Yep, I like to dabble in all things. But mine will be virtually free, if it come out like I think. You see, I have been organizing my work area, and I have more stuff than I ever dreamed. I made boxes to store stuff, just to organize and to par down my excess wood supply. I have to reduce the "stuff."
By the way, anyone have need for a Velux skylight, from the early 90's with flashing kit, that has never been installed? Good condition, in box. It has to go. Size is about 4 foot by 4 foot. West Central NC area. Will ship if you pay shipping.
I counted it up. I have a wall of storage boxes, about 7" x 8 1/2" x 13". Some are double and triple wide, but if they were all singles, I would have 225 boxes. They are filled with either tools of any type you can imagine, or supplies of any description and quantity. Then there are about 10 boxes that are about 50% larger. Then there are two sets of shelves 2 foot x 8 foot and about 6 foot tall, and one set about 1 x 8 x 12. Two rolling tool chests. That does not count wood storage.
I'll post some pictures a few months down the line when I get it somewhat close to like I want it.
So, I think I have everything I need to make a dust collector automatic switch work, free. I am going to start with trying to make my own transformer/current sensor. I have some old ones I can rewind to handle the amps. Next in line, a bridge rectifier, which I think I have the parts for, which the output will go to a big transistor left over from my dad's days of fixing his own tv's. The switched output from that will close the switch to let 24 volts from a power supply energize the hold in winding for a magnetic starter, to turn on the dust collector. I will experiment with some capacitors and resistors to keep the transistor energized after the current is gone, to give it a time delay, so the collector is not starting and stopping all of the time. I will shoot for 20 to 30 seconds. If that does not work, I think I can hack an outdoor motion detector timing circuit to get the desired time delay. The auto switch will also have two current sensors, one for 110 and one for 220.
I need to rewire the shop, since I have drop cords running everywhere for machines. I plan to run a two circuit 20 amp 110 line, one leg fed through the auto switch, and one leg not. At each machine station, I will place a switch, to feed the outlet from the sensor circuit or the non auto run circuit. That way I can decide if I want to be starting the dust collector all of the time. All of the 110 stuff will go on the same lines. It is just me, so there really is no need to be able to run more than one machine at once. The 220 equipment I have is just the table saw and air compressor, so those will be separate, with just the table saw on the auto option. There will of course be various other lighting and receptacle branches for other stuff through out the work area, along with ventilation exhaust fan, and air filter, and entertainment (tv and stereo and computer) stuff.
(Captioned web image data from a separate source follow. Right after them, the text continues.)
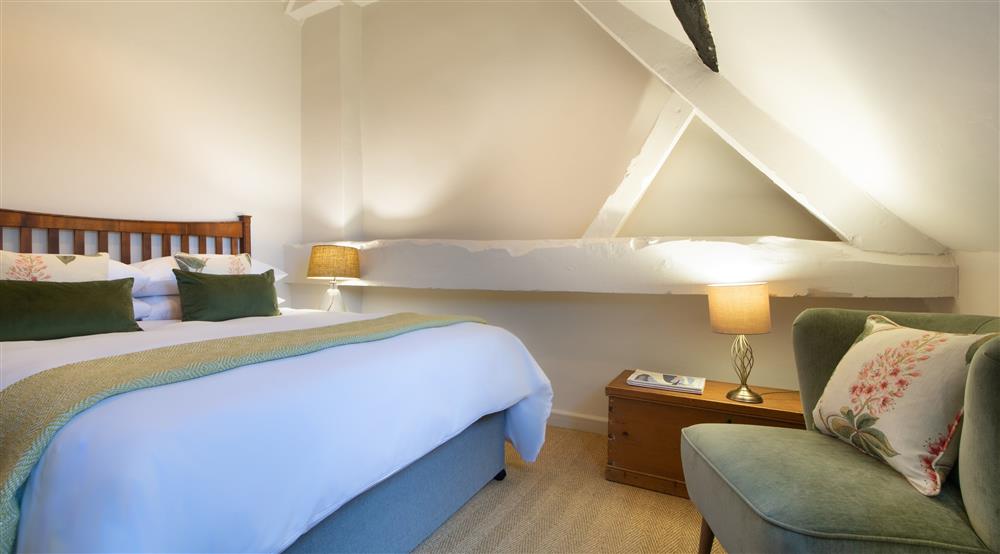 The double bedroom at Snowshill Honor's Cottage in Broadway, Gloucestershire
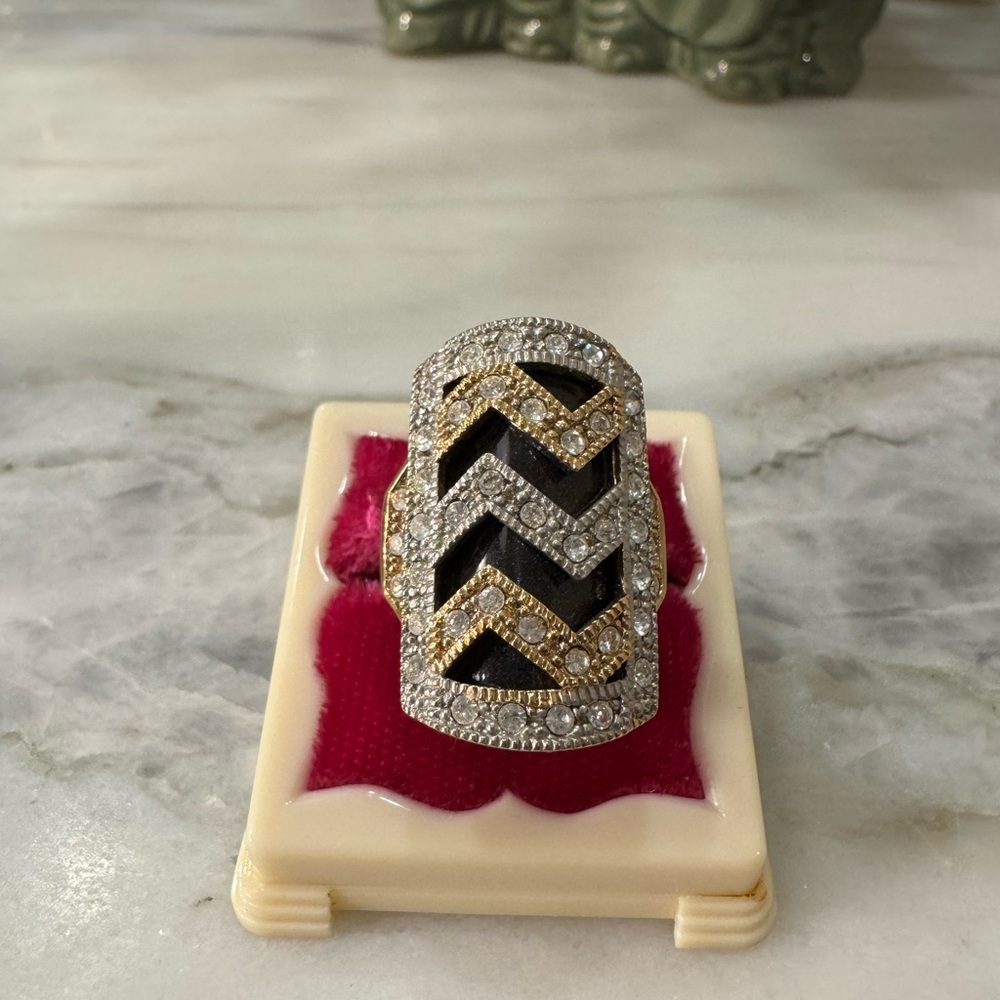 NADRI Elegant Black and Gold Chevron Ring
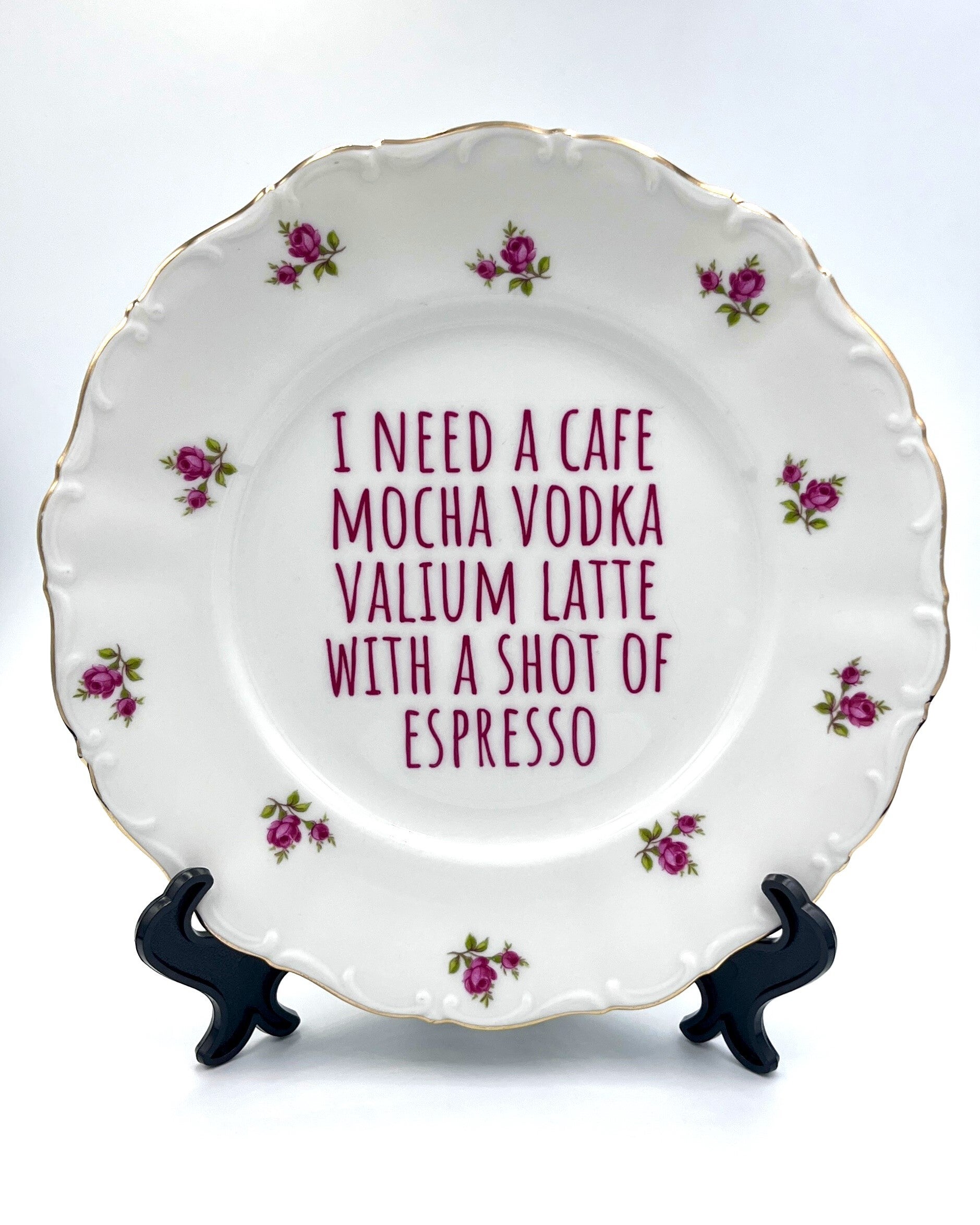 Vintage wandbord met de Engelse tekst I need a cafe mocha vodka valium late with a shot of espresso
The you tube video that Leon, or someone posted on the guy making a switch for his dad got me going. Thanks for that, whoever that was. I only have a shop vac and a dust collector I made from an old barrel and an electric leaf blower, but it is too small. I may use it for a boost somewhere, if I need it, or just as a vac. I am going to make a dust collector along the lines of the one I saw on you tube, which was made from an old portable table saw. I have one of those, at 10 amps, but am going to use a chop saw motor I have that got run over by a Lowes truck that is larger at 13 amps. I only need to find a drum that will stand the vacuum, to be able to build it.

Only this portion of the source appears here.